Los famosos 20 minutos que se ahorran en el viaje hacia y desde el aeropuerto José María Córdova se volvieron lo mismo que antes, 45 minutos y una hora mientras se llegaba a las entradas.
Pero soltemos pues el túnel, que no es sino la, literalmente, cola de una manifestación tan folclórica y típica nuestra. Y reivindiquemos la capacidad de asombro que todavía nos caracteriza en actos aún tan de pueblo como ir a ver salir y aterrizar aviones al otro aeropuerto, al Olaya Herrera. Un acto gratuito y libre que solo trae alegría y entusiasmo a la masa y lleva décadas ahí, en el costado sur de la pista y desde que había aeronaves de gran envergadura, que despeinaban a la concurrencia con la fuerza incontenible de sus turbinas en plena maniobra de despegue. Ni Disneylandia ofreció un show de tales proporciones.
El 5 de diciembre de 1976 un Boeing 747, conocido como Jumbo, aterrizó por primera vez en Medellín. Ese día la mitad de los habitantes de la ciudad quedó mirando para el cielo es
perando la llegada del aparato. El hecho se comentó durante días con sus noches y se elevó a la categoría de “héroe” al capitán Álvaro Jaramillo, por haber metido semejante nave a un campo de aviación casi en medio de la villa.
En los años 60 del siglo pasado el almacén Caravana inauguró la primera escalera eléctrica que se conoció en Medellín. Los padres y abuelos cuentan que la romería de gente para montar en el sistema no se había visto en la ciudad. No iban a ninguna parte, simplemente llegaban, subían, volvían a bajar y así hasta que satisfacían su curiosidad y se iban sin comprar nada. Al fin y al cabo, era gratis.
El paseo decembrino de 1995 fue ir a montar en metro, aprovechando que estaba sin cobro. Tampoco importó hacer fila y las largas esperas para ingresar al sistema e ir a ninguna parte en los trenes. Hacíamos el viaje hasta Niquía y de ahí a Itagüí, nos bajábamos en todas las estaciones y, por única vez, viajamos apretados y felices en los vagones.

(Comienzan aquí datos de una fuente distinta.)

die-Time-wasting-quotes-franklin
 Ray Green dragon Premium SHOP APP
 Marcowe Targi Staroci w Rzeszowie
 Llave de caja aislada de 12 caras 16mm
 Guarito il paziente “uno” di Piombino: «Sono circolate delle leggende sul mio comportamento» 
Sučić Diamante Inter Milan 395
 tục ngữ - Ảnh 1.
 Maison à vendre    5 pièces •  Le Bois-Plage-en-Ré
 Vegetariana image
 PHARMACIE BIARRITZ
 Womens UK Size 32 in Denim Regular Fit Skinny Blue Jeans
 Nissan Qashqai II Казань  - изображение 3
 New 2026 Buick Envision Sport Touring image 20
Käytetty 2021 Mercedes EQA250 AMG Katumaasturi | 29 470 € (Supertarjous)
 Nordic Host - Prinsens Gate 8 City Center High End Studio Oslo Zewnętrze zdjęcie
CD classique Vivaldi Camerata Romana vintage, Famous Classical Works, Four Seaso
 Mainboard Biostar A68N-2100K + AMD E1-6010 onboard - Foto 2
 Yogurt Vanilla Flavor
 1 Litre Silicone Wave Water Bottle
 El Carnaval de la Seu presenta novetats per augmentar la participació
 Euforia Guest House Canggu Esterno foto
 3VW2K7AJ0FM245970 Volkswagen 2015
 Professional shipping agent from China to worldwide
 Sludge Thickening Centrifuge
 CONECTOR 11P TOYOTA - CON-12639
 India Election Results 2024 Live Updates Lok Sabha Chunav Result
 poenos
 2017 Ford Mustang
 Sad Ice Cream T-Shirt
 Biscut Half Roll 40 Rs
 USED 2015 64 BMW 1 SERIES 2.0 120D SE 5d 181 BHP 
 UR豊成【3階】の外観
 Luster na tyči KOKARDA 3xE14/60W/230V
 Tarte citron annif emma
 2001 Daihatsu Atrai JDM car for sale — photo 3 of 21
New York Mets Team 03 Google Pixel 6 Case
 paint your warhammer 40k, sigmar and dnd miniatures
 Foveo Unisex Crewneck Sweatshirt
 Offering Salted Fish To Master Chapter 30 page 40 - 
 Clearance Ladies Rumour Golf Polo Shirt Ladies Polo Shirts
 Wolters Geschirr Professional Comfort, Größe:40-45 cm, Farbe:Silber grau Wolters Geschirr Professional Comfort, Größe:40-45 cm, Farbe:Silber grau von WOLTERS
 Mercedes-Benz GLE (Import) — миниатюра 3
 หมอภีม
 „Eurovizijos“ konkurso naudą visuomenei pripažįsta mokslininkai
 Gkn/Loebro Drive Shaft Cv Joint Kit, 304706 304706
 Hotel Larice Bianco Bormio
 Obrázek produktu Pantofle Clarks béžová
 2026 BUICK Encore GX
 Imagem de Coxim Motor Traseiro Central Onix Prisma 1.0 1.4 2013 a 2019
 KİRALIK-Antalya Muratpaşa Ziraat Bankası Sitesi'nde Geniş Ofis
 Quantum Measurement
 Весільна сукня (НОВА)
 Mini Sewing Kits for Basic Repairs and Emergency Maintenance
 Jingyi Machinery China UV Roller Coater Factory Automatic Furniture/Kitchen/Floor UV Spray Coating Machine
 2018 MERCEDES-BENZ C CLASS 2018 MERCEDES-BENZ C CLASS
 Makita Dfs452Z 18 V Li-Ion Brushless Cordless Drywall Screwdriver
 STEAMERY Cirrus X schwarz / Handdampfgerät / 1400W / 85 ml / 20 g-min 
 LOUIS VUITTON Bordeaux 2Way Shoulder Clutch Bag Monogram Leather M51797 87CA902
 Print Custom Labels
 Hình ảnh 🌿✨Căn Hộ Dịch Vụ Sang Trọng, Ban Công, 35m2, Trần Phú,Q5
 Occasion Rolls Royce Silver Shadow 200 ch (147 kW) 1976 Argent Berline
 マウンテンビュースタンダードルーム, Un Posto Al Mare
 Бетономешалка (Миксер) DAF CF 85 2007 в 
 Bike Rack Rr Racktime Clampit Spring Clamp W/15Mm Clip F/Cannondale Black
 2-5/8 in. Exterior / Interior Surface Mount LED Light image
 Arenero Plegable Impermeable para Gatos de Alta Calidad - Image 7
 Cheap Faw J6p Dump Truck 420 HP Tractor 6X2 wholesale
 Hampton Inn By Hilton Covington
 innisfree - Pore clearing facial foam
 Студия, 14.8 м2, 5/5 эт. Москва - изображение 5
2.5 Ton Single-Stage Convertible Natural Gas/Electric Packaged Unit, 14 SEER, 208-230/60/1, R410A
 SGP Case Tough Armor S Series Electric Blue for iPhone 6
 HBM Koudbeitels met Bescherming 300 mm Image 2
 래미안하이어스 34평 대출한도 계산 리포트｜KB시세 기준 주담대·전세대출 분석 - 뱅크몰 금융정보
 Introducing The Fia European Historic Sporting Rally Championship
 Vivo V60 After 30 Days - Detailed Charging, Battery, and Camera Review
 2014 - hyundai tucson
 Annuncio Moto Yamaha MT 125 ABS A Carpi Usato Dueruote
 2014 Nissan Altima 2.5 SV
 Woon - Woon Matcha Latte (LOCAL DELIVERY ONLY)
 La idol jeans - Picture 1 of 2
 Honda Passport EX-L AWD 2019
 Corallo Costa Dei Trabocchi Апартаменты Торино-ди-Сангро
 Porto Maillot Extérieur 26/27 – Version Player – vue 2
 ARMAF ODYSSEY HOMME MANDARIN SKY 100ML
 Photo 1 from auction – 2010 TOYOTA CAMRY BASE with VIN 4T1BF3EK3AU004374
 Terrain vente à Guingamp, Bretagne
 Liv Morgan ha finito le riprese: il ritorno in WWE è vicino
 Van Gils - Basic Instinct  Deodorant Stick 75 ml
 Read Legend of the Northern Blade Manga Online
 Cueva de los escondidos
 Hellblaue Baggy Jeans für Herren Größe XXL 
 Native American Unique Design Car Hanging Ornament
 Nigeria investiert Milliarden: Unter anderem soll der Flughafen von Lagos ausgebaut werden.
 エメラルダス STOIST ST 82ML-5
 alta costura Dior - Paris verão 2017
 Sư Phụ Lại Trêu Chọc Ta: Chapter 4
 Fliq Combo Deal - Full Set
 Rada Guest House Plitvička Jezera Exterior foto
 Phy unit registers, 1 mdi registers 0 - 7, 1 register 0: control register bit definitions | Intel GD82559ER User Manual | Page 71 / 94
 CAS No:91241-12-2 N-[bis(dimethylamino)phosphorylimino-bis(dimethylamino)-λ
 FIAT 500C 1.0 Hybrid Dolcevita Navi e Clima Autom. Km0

Hoy en día el Metro, el Metrocable y hasta el Metroplús son destinos turísticos. No son los lugares a los que nos llevan, no, son los medios, el destino. Visitante que arriba a Medellín tiene que montar en Metro, como si no hubiera ninguno más en el mundo. Y para eso tenemos una respuesta “sí, hay muchos en el mundo, pero este es más limpio papá”. Nunca supimos quién lo decretó, pero tampoco tenemos quién nos desmienta. El Metrocable a veces tiene lugareños que verdaderamente lo necesita, pero gran parte del tiempo las cabinas están llenas de gente que no vive en la zona, sino que van “a montar en Metrocable”, como si fuera una atracción del Parque Norte.
Ese sentido de pueblo que nos acompaña aún, así queramos negarlo, despierta ternura y evocación de aquella Medellín en la que todo era nuevo, en la que las novedades del mundo ponían a hablar a la parroquia, desde la llegada del primer automóvil, hace 120 años, hasta la puesta en marcha del túnel más largo de Latinoamérica.
Gente, vuelvan al centro por estos días, para que vean parques renovados, jardines verdes y una avenida que quedó muy bonita. Con gente de aquí y uno que otro mono por ahí abriendo la boca, pero es nuestro centro y a lo mejor no hay ninguno así en otra parte, tan caótico, pero tan nuevecito. Con esa promesa de venta descrestamos.